» What is being asked:
The reply should consist of one number, which is how many lines in the material below contain "House".

» Dataset records:

=====

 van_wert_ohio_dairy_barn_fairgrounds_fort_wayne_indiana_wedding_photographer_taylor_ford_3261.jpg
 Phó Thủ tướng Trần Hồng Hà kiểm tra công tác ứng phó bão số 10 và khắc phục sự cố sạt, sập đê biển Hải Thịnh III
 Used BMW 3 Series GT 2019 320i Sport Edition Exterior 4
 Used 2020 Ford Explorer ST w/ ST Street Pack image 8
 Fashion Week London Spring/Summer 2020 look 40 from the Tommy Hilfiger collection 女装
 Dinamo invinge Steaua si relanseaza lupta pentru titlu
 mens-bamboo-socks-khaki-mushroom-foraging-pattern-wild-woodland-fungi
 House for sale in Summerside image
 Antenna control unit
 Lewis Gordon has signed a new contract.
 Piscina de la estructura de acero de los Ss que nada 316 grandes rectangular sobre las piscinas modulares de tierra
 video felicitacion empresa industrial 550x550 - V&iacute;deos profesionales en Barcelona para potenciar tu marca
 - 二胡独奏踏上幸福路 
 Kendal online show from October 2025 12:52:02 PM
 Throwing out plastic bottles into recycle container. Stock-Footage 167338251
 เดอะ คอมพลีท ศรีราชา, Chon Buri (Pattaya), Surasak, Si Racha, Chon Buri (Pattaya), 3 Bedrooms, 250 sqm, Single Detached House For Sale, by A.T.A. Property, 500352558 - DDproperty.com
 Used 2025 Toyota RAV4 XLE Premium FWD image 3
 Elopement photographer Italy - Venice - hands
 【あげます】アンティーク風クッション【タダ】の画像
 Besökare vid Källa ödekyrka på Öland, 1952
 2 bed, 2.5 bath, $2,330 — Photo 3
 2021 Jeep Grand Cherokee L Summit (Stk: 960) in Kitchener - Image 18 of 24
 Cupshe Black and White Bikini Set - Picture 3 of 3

=====

» Answer area:
2